=="BERDAULAT SECARA POLITIK, MANDIRI SECARA EKONOMI, BERMARTABAT SECARA BUDAYA==

Selasa, 07 Desember 2010

Aliansi Masarakat Adat Nusantara (AMAN) Kalimantan Tengah Dalam Rangka Hari Masyarakat Adat Sedunia

Masyarakat adat di Kalimantan Tengah sampai pada saat ini masih menghadapi berbagai persoalan yang kebanyakan adalah persoalan-persoalan klise bagi masyarakat adat, yakni adanya ketidakadilan sosial karena adanya agresi pembangunan terhadap tanah, wilayah dan sumber-sumber penghasilan masyarakat adat. Di beberapa wilayah, masih ada penyerebotan-penyerobotan lahan yang dilakukan oleh industri ekstraktif terhadap wilayah kelola masyarakat adat, seperti perkebunan kelapa sawit yang semakin masif, pertambangan dan HPH, dimana industri-industri ini selain memberikan dampak negative terhadap sosial ekonomi masyarakat adat, dampak ekologi juga memberikan kontribusi terhadap perubahan iklim dengan peningkatan emisi karbon dalam implementasinya.
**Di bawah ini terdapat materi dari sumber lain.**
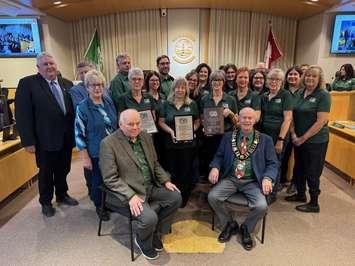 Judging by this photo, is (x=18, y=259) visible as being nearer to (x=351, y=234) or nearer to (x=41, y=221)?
(x=41, y=221)

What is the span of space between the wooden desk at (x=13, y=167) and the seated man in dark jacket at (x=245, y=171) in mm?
2422

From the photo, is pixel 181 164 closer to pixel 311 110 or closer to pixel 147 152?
pixel 147 152

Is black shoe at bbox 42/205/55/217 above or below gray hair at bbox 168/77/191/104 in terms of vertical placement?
below

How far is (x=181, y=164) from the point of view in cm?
295

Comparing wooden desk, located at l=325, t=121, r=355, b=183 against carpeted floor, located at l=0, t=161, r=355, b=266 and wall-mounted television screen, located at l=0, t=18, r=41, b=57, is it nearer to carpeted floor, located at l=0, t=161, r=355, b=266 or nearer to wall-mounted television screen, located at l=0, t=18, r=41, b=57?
carpeted floor, located at l=0, t=161, r=355, b=266

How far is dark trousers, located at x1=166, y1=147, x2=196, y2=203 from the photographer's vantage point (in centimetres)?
292

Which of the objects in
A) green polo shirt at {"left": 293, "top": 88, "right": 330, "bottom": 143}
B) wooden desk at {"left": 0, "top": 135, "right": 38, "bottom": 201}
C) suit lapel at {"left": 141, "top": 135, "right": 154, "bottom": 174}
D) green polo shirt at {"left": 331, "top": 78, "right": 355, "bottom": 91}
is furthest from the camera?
green polo shirt at {"left": 331, "top": 78, "right": 355, "bottom": 91}

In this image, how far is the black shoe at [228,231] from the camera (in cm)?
252

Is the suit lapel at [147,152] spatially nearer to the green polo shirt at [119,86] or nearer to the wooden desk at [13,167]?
the green polo shirt at [119,86]

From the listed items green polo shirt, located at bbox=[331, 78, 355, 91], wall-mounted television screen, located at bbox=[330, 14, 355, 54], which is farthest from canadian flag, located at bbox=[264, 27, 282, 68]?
green polo shirt, located at bbox=[331, 78, 355, 91]

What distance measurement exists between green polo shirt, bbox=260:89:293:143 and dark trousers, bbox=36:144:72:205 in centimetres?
225

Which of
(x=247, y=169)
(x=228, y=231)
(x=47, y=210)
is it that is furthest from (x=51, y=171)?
(x=247, y=169)

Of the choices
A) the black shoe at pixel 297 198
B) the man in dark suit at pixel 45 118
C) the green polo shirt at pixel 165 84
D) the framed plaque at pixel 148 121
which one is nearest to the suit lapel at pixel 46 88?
the man in dark suit at pixel 45 118

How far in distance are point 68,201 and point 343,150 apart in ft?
12.5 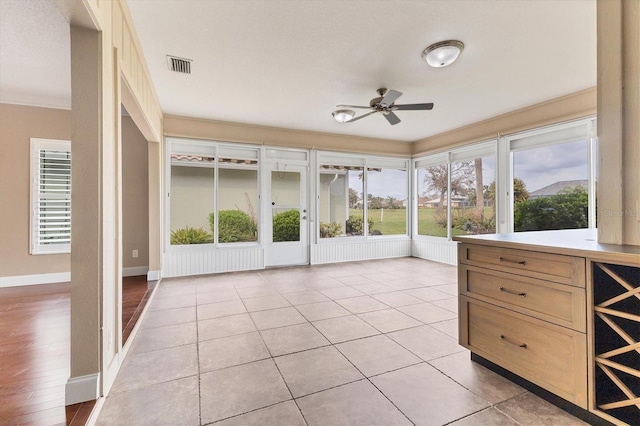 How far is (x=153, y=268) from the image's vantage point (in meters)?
4.61

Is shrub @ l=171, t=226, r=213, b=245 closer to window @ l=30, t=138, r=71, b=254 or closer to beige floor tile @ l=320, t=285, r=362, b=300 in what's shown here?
window @ l=30, t=138, r=71, b=254

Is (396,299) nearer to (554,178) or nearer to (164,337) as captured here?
(164,337)

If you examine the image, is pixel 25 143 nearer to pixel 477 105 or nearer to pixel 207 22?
pixel 207 22

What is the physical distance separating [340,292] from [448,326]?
5.00ft

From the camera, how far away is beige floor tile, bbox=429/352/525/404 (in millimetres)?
1769

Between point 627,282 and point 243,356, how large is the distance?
2.40 metres

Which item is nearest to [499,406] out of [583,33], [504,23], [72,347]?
[72,347]

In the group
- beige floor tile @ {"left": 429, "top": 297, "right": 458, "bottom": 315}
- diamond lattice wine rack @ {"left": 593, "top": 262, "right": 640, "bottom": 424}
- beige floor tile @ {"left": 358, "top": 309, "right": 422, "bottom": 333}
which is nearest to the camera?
diamond lattice wine rack @ {"left": 593, "top": 262, "right": 640, "bottom": 424}

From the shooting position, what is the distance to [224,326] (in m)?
2.82

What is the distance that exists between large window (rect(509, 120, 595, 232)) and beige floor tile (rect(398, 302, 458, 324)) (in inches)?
98.0

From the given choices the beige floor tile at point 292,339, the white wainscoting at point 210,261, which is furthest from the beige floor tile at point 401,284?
the white wainscoting at point 210,261

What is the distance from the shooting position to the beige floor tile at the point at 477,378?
1.77 metres

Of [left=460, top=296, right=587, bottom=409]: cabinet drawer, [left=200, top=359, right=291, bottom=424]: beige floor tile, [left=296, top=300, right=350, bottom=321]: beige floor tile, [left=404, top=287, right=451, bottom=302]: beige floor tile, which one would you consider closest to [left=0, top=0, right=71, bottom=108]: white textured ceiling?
[left=200, top=359, right=291, bottom=424]: beige floor tile

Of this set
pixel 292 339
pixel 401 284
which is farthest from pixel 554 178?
pixel 292 339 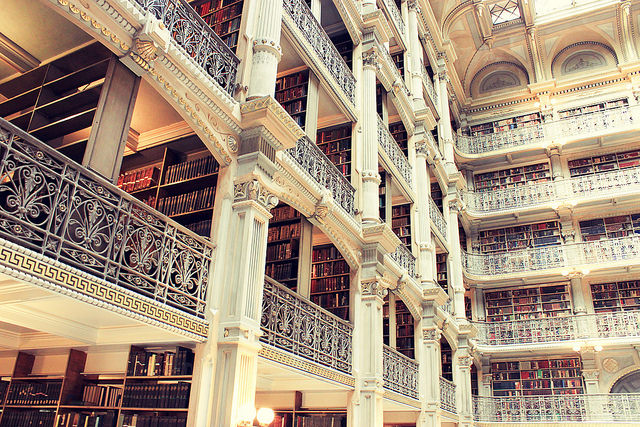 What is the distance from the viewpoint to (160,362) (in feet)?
15.0

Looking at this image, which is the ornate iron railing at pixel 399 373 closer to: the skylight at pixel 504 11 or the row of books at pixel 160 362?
the row of books at pixel 160 362

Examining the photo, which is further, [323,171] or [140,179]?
[323,171]

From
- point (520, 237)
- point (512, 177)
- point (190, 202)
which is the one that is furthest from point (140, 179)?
point (512, 177)

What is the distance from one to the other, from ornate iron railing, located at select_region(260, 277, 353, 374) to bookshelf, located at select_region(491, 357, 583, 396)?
8.71 metres

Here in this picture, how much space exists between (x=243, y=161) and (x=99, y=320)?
5.92 ft

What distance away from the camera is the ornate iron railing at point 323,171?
604cm

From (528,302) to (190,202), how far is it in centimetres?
1146

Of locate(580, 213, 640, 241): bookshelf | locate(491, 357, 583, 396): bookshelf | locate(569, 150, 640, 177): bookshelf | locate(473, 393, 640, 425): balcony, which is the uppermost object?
locate(569, 150, 640, 177): bookshelf

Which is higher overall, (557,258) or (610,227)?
(610,227)

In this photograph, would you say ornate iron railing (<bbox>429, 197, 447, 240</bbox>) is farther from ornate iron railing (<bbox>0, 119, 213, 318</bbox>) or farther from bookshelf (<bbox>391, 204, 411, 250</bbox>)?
ornate iron railing (<bbox>0, 119, 213, 318</bbox>)

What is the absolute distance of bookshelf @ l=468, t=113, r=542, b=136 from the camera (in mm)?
16094

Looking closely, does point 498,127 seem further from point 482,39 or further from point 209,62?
point 209,62

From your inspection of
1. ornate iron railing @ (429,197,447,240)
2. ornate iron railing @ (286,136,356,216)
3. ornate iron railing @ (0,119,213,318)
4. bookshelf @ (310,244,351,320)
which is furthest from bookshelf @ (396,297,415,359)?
ornate iron railing @ (0,119,213,318)

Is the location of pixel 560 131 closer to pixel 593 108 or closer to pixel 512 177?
pixel 593 108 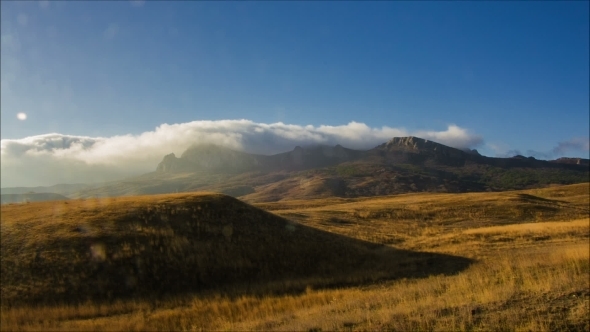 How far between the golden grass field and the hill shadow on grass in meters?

Kondisi yang tidak memihak pada masyarakat adat ini, mendorong AMAN Kalteng memberikan respon untuk menyikapi berbagai persoalan yang ada, dimana dalam rangka hari masyarakat adat sedunia pada tanggal 9 Agustus 2010 ini kami menyuarakan:

1. Kami secara Nasional mengingatkan dan mendorong Pemerintah Republik Indonesia untuk segera mengadopsi deklarasi Perserikatan Bangsa-Bangsa tentang Hak-hak Masyarakat Adat yang dikenal dengan UNDRIP (United Nation Declaration on The Rights of Indigenous Peoples) dalam kebijakan nasional dan memproses Rancangan Undang-undang Masyarakat adat yang sekarang ini telah masuk di Program Legislasi Nasional (Peolegnas) serta AMAN Kalteng menuntut adanya revisi terhadap UU No.41/99 tentang kehutanan untuk kiranya ada pemisahan antara hutan Negara dan hutan Adat;

2. Dengan adanya Peraturan Daerah No. 16 tahun 2008 dan Peraturan Gubernur No. 13 tahun 2009 Provinsi Kalimantan Tengah seharusnya secara implementasi memberikan dampak positif bagi masyarakat adat, dimana Pemerintah Daerah Kabupaten dan Kota diharapkan tidak menerbitkan ijin-ijin konsesi untuk kepentingan investasi di wilayah adat masyarakat, tanpa melalui persetujuan dari masyarakat adat secara keseluruhan;

3. Menyikapi issu perubahan iklim dan skema Pengurangan Emisi dari Deforestasi dan Degradasi Hutan (REDD) yang sekarang sedang melanda Kalteng, sikap AMAN baik di nasional maupun di wilayah Kalteng sangat jelas, “No Right No REDD”, maka kami menyerukan untuk kiranya ada persetujuan dari masyarakat adat dimana proyek tersebut dilaksanakan dan pelibatan secara penuh masyarakat adat baik dalam perencanaan maupun pelaksanaan;

4. Mendesak pemerintah Kabupaten Barito Timur untuk segera mengambil tindakan-tindakan yang nyata untuk penyelesaian masalah antara komunitas Desa Sarapat, Kecamatan Dusun Timur atas konfliknya dengan PT. Sawit Graha Manunggal (SGM) dan meninjau kembali ijin yang diberikan terkait konsesi perkebunan sawit tersebut, karena disinyalir telah menjarah wilayah kelola masyarakat adat desa Sarapat dan menghilangkan berbagai situs penting serta keanekaragaman hayati didalam hutan adatnya;

5. AMAN kalteng mengumumkan bahwa telah terbentuk kesatuan baru masyarakat adat se Borneo yang bergabung dalam BIPA yakni “Borneo Indigenous Peoples Alliance” dimana dari kesatuan ini kami bekerja bersama-sama untuk menyusun program kerjasama menghadapi persoalan-persoalan masyarakat adat dalam membangun kedaulatan dan kehidupan masyarakat adat yang lebih baik.